▶ [What is being asked]: Each record must be printed exactly as given.

▶ [Data for this exercise]:
* * *
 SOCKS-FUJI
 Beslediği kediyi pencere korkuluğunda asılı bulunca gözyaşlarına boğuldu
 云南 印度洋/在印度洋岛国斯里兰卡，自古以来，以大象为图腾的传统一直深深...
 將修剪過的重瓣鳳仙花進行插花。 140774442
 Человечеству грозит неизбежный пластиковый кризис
* * *
▶ [Result]:
 SOCKS-FUJI
 Beslediği kediyi pencere korkuluğunda asılı bulunca gözyaşlarına boğuldu
 云南 印度洋/在印度洋岛国斯里兰卡，自古以来，以大象为图腾的传统一直深深...
 將修剪過的重瓣鳳仙花進行插花。 140774442
 Человечеству грозит неизбежный пластиковый кризис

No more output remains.